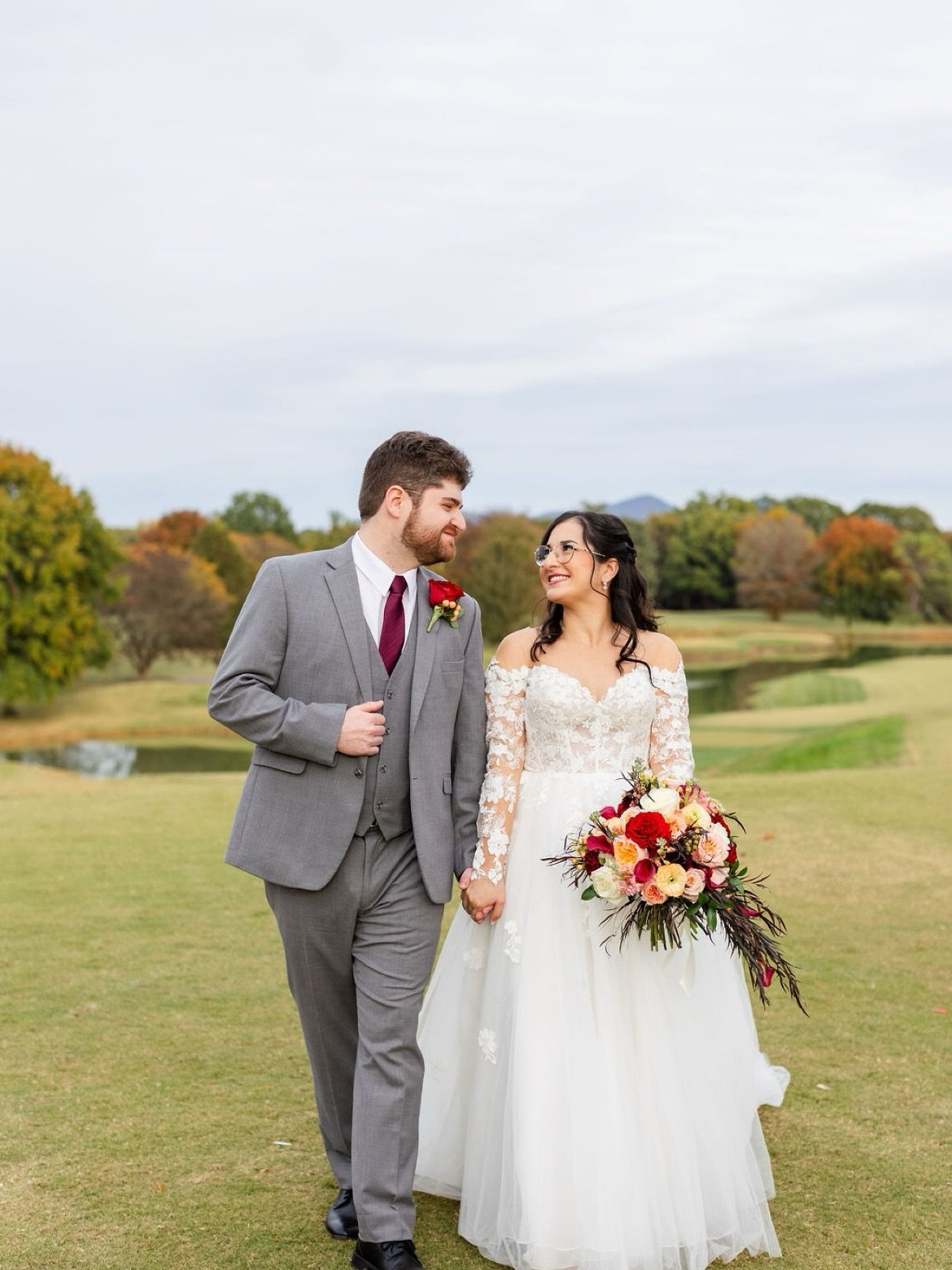Victoria &amp; Elliot - Happy First Anniversary! 
.
.
.
Sharing some of our favorite moments from this special October wedding - one year later. ✨💐🎂

Vendor team:
Photography | @wholeheartstudios 
Church | St. Elias Maronite Catholic Church
Venue |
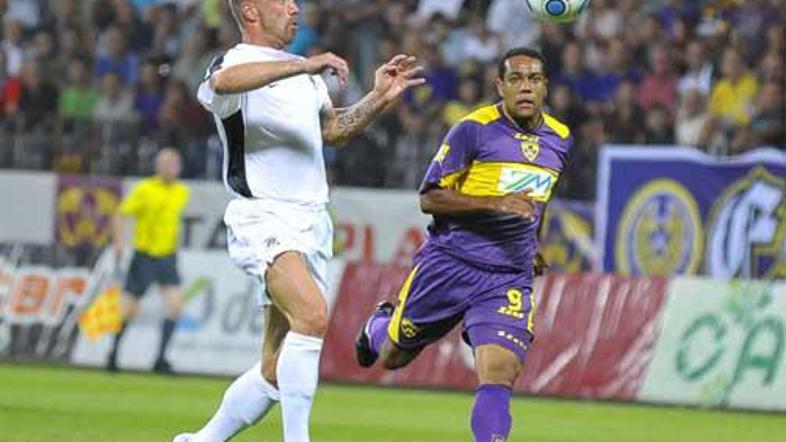 Marcos Tavares (desno) proti Sparti ni bil razpoložen.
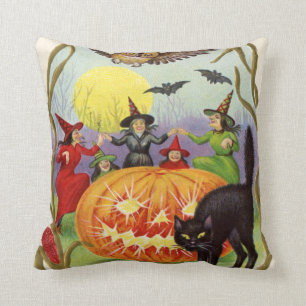 Witches Dancing Around Jack O'Lantern Kudde
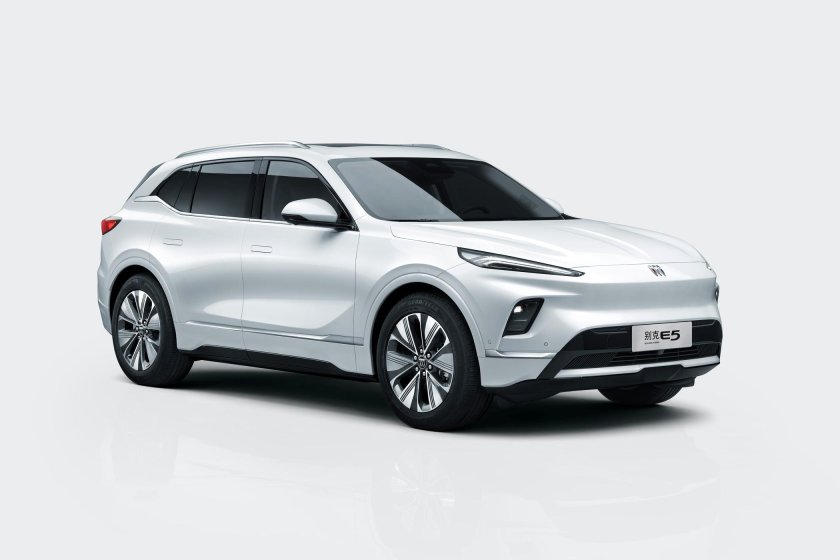 Электрический внедорожник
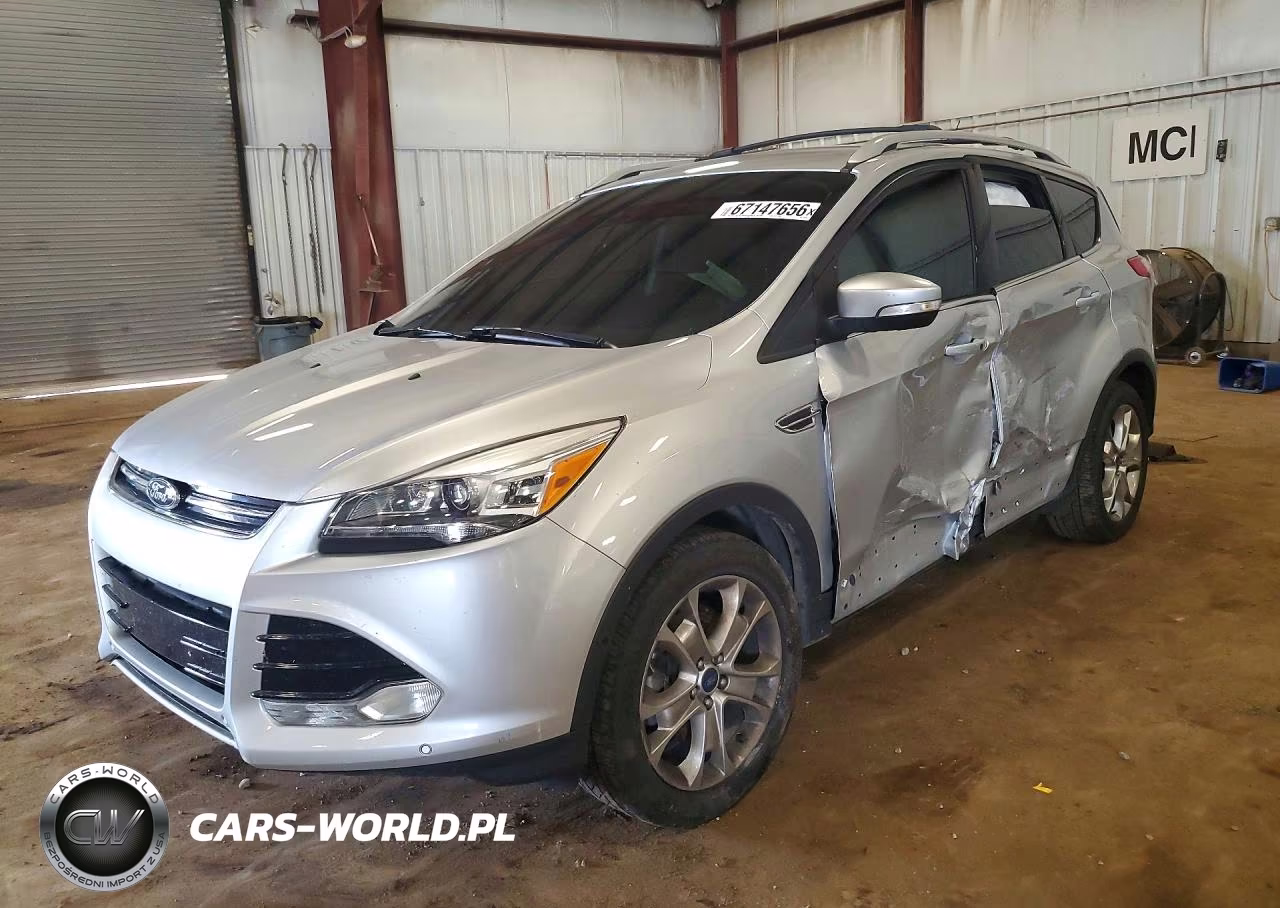 2015 Ford Escape Titanium – zdjęcie 1 z 12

◆ **DIRECTIONS**:
Once the pictures are set aside, give the rest of the listing again exactly.

◆ **RESULT OF THIS TASK**:
Victoria &amp; Elliot - Happy First Anniversary! 
.
.
.
Sharing some of our favorite moments from this special October wedding - one year later. ✨💐🎂

Vendor team:
Photography | @wholeheartstudios 
Church | St. Elias Maronite Catholic Church
Venue |
 Marcos Tavares (desno) proti Sparti ni bil razpoložen.
 Witches Dancing Around Jack O'Lantern Kudde
 Электрический внедорожник
 2015 Ford Escape Titanium – zdjęcie 1 z 12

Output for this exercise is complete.